*WORK ITEM:*
Where the listing below reaches the line containing "Furnished Finder property 896957_1 photo 3", start writing out lines exactly, and stop once the line containing "2022 Volkswagen Passat 2.0T R-Line" has been written.

*MATERIAL SHOWN:*

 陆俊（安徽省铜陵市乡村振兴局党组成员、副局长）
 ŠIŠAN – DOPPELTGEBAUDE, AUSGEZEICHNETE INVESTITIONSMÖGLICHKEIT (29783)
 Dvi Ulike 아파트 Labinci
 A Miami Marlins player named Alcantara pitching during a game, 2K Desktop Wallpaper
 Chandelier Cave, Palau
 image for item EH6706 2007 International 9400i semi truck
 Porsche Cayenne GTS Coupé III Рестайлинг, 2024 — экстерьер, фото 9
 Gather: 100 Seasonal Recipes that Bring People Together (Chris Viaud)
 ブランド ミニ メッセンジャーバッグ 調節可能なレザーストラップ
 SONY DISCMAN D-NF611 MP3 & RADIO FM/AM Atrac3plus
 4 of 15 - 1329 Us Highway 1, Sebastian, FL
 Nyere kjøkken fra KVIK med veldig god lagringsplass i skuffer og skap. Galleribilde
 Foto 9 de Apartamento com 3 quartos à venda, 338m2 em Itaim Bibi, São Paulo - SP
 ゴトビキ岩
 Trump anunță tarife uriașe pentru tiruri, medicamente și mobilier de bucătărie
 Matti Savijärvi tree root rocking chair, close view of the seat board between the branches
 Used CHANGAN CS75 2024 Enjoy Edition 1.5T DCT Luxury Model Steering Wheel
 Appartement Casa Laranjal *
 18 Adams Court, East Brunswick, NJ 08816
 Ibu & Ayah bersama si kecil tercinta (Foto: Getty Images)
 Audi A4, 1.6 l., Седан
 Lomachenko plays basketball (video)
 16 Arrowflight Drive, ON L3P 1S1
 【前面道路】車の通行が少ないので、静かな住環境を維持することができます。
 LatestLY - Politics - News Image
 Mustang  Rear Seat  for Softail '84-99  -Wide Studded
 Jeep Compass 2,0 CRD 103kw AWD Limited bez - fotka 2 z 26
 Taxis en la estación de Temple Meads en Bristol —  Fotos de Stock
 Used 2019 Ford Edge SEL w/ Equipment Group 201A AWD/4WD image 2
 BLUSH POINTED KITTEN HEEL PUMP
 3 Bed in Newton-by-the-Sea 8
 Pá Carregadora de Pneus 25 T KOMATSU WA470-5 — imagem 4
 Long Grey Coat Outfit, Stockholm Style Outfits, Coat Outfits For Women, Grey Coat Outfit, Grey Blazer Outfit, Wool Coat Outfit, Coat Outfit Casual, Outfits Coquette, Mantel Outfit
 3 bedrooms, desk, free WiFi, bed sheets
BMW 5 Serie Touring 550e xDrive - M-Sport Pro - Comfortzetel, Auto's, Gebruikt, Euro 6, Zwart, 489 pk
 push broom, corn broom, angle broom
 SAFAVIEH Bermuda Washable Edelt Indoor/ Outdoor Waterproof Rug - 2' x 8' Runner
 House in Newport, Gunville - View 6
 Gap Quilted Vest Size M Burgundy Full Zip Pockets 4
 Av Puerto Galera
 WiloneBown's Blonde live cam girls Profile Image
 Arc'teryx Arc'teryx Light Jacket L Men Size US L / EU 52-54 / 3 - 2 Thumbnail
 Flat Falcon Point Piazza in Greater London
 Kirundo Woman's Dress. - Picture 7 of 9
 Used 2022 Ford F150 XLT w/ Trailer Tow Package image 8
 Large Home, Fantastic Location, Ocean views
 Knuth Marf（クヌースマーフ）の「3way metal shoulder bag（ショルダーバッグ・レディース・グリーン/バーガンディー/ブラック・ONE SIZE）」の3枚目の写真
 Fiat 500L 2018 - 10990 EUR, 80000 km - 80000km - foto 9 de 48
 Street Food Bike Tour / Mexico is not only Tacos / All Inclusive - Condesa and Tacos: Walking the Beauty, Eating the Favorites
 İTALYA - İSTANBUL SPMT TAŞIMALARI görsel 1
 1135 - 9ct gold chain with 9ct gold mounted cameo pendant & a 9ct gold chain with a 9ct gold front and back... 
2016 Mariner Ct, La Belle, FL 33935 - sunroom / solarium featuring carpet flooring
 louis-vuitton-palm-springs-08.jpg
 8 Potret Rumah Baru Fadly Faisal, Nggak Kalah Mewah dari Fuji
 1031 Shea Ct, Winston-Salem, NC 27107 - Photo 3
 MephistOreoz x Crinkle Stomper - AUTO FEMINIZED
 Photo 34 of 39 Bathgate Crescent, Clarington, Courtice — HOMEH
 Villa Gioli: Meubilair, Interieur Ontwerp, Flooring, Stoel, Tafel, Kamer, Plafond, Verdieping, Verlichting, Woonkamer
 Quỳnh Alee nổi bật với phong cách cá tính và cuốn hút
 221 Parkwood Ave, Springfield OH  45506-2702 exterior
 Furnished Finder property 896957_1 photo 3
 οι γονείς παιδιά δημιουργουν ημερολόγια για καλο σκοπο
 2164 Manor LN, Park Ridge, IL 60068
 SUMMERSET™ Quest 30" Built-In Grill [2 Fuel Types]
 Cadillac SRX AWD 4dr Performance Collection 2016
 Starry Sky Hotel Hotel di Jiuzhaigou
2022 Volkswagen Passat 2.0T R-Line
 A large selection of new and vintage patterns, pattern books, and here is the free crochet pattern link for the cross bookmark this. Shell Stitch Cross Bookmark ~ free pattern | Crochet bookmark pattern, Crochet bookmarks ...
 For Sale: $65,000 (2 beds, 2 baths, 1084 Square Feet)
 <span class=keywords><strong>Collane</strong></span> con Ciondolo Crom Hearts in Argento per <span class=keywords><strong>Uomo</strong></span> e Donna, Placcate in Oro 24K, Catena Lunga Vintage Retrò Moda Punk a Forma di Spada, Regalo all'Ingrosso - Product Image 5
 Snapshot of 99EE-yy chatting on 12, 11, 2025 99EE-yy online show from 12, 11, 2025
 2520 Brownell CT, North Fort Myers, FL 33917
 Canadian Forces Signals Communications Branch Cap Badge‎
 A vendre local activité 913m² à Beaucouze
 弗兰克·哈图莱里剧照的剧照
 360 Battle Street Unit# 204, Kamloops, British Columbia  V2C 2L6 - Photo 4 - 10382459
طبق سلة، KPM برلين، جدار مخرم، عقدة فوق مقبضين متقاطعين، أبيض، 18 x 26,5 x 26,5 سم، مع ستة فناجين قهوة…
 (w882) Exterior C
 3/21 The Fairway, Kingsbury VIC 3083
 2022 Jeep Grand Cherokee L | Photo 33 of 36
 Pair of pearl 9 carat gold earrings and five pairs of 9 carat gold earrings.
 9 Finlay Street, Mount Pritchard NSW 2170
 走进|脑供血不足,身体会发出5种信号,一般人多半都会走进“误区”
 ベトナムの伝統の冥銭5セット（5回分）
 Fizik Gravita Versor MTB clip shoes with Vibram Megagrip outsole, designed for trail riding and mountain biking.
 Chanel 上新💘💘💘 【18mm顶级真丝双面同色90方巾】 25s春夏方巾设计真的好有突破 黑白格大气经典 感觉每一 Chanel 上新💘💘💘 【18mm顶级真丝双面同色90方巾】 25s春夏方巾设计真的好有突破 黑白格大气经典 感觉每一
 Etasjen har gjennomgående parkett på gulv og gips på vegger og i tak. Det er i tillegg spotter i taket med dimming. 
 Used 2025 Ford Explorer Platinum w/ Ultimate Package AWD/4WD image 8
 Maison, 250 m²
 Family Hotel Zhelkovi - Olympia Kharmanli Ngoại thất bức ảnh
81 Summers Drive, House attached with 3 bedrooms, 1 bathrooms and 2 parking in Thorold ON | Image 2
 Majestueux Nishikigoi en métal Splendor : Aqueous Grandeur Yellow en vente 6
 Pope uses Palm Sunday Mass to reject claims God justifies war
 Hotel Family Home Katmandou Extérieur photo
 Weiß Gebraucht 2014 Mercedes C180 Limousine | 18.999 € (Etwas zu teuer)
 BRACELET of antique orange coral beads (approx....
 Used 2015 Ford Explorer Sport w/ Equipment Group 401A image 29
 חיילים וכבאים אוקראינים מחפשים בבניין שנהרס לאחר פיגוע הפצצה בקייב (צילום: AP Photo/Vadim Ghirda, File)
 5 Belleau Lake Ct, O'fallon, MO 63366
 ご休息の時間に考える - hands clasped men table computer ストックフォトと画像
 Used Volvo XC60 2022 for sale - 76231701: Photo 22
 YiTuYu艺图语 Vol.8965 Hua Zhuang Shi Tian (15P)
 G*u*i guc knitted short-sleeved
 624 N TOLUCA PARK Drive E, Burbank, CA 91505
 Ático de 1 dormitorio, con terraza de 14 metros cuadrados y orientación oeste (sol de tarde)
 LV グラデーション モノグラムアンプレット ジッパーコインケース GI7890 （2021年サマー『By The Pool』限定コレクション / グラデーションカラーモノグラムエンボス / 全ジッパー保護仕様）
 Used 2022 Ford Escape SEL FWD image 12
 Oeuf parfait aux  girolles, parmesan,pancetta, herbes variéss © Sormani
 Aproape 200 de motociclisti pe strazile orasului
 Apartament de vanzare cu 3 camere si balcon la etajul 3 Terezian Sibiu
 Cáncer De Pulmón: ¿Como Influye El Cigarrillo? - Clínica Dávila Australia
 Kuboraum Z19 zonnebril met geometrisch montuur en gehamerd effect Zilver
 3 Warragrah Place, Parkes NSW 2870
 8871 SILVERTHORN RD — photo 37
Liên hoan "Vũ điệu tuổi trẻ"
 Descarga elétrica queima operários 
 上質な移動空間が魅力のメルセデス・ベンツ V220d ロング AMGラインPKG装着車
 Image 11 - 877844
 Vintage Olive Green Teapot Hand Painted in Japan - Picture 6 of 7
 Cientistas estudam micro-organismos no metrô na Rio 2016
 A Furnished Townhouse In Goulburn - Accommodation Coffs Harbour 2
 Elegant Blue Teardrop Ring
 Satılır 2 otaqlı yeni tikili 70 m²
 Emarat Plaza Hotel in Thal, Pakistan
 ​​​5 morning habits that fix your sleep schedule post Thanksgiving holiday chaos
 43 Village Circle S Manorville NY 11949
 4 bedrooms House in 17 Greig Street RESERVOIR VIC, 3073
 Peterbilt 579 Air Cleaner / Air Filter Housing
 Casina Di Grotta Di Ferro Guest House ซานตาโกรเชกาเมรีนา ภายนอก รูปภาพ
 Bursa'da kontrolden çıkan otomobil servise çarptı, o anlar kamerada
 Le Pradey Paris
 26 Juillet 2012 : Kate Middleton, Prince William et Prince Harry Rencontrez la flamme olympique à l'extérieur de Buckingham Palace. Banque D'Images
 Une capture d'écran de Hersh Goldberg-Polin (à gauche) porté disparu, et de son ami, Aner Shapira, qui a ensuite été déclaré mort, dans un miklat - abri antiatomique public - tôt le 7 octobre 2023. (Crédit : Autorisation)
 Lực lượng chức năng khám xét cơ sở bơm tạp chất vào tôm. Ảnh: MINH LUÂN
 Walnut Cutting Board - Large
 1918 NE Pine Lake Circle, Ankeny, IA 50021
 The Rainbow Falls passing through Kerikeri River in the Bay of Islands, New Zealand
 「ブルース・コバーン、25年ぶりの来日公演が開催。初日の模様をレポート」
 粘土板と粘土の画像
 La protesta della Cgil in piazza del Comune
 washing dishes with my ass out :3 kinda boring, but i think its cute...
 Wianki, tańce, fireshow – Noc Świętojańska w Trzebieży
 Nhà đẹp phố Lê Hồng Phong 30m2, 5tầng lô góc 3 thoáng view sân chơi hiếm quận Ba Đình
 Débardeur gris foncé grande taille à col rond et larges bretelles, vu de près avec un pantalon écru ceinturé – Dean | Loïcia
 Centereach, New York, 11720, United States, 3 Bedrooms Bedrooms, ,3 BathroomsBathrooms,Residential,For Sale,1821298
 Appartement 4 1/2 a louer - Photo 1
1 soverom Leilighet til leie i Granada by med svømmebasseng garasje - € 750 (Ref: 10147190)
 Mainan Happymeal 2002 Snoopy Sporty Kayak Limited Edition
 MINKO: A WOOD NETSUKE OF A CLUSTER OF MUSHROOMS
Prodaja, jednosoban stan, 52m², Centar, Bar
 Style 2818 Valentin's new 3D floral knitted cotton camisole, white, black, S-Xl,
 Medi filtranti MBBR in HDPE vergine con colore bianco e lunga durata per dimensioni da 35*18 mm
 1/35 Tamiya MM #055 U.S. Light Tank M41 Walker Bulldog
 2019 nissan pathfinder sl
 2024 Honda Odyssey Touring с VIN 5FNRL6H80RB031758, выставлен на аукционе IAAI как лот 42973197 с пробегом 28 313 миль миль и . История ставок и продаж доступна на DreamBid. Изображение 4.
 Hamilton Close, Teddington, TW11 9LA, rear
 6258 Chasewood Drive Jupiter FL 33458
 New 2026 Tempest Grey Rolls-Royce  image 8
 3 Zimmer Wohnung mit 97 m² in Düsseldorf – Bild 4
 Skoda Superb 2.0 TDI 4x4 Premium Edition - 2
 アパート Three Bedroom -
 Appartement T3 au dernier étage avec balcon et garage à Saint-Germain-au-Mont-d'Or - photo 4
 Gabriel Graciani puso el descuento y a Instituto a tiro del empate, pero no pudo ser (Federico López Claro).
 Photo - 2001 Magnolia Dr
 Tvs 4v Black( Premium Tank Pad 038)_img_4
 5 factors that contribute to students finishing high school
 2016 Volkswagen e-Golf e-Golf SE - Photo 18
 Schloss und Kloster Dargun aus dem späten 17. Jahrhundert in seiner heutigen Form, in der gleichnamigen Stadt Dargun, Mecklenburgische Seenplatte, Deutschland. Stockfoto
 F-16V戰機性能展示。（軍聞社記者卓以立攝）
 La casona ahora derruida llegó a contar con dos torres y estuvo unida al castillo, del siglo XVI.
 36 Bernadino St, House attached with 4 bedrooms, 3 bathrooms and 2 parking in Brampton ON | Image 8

*ANSWER TO THE PROBLEM:*
 Furnished Finder property 896957_1 photo 3
 οι γονείς παιδιά δημιουργουν ημερολόγια για καλο σκοπο
 2164 Manor LN, Park Ridge, IL 60068
 SUMMERSET™ Quest 30" Built-In Grill [2 Fuel Types]
 Cadillac SRX AWD 4dr Performance Collection 2016
 Starry Sky Hotel Hotel di Jiuzhaigou
2022 Volkswagen Passat 2.0T R-Line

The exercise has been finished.